I need you ! PLEASE HELP ME !

Hello
I have a problem, with my code I do not manage to include the function map
Thanks

#include <Servo.h>
int capteur1 = 3; // Connecté au Pin 3
int capteur2 = 4;
int capteur3 = 5;
int capteur4 = 6;
Servo servo;
Servo servo1;
Servo servo2;
int pos = 0;
void setup() {
pinMode(capteur1, INPUT);
pinMode(capteur2, INPUT);
pinMode(capteur3, INPUT);
pinMode(capteur4, INPUT);
servo.attach(9);
servo1.attach(10);
servo2.attach(11);
Serial.begin(9600);
}
void loop()
{
if(HIGH == digitalRead(capteur1))
for(pos = 0; pos < 180; pos += 1) // il va tourner à droite à 180 °
{
servo.write(pos);
delay(15);
}
else Serial.println(“Capteur1: BLANC”);
delay(1000);
if(HIGH == digitalRead(capteur2))
for(pos = 0; pos < 90; pos+=1) // goes from 180 degrees to 0 degrees
{
servo.write(pos); // tell servo to go to position in variable ‘pos’
delay(15); // waits 15ms for the servo to reach the position
}
else Serial.println(“Capteur2: BLANC”);
delay(1000);
if(HIGH == digitalRead(capteur3))
for(pos = 90; pos>=1; pos-=1) // goes from 180 degrees to 0 degrees
{
servo.write(pos); // tell servo to go to position in variable ‘pos’
delay(15); // waits 15ms for the servo to reach the position
}
else Serial.println(“Capteur3: BLANC”);
delay(1000);
if(HIGH == digitalRead(capteur4))
for(pos = 180; pos>=1; pos-=1) // goes from 180 degrees to 0 degrees
{
servo.write(pos); // tell servo to go to position in variable ‘pos’
delay(15); // waits 15ms for the servo to reach the position
}
else Serial.println(“Capteur4: BLANC”);
delay(1000);
servo1.write(180);

I have a problem

But I'm not going to tell you what it is...
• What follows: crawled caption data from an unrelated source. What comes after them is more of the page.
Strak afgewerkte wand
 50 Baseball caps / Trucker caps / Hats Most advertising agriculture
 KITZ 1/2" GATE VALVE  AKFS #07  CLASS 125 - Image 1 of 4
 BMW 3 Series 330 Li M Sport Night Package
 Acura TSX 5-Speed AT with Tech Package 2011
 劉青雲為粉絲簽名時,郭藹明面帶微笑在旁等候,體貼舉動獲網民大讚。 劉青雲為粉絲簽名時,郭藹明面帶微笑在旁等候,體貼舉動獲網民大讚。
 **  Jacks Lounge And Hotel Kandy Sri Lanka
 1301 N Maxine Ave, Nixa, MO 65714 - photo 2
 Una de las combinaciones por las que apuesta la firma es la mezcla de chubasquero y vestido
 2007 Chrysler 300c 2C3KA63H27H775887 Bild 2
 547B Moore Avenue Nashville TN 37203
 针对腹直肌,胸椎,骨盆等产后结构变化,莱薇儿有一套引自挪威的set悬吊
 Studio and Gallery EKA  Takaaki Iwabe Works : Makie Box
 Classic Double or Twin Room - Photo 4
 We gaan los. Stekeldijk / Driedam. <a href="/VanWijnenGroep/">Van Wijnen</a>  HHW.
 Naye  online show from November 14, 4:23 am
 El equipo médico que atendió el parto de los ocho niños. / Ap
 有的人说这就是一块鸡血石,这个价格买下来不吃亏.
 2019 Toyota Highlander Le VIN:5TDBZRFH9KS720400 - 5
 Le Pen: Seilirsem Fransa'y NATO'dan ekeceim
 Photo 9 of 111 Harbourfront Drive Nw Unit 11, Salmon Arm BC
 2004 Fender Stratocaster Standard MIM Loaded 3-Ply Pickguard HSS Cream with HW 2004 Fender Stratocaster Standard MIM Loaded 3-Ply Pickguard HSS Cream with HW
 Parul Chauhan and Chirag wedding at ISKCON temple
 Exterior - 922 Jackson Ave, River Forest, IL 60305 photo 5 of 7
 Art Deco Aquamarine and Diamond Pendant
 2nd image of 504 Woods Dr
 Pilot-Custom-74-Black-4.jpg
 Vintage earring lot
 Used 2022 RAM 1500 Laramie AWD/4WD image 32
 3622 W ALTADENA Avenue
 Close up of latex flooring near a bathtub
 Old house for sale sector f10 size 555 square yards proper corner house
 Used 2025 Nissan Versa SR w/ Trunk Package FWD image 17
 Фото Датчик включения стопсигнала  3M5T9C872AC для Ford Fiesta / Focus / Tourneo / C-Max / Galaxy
I do not manage to include the function map

But, I'm not going to tell you why...

I'm also not going to post my code properly, not can I be bothered to format it correctly.

Did I miss anything?

I have a servo which is inverted but the problem it is which turns on itself but I would want that it goes straight

I am sorry, i am french, my english is catastrophic

Your code pears to me to be incomplete.
Please repost, using code tags.

what it is a code pears ?

I have a servo which is inverted but the problem it is which turns on itself but I would want that it goes straight

Servos rotate, for the ,most part. Only linear servos can go straight. I doubt that what you have is a linear servo.

    for(pos = 0; pos < 90; pos+=1)     // goes from 180 degrees to 0 degrees

Not in my world.

Perhaps you should ask in the French section, or get someone, even google to help with the translation.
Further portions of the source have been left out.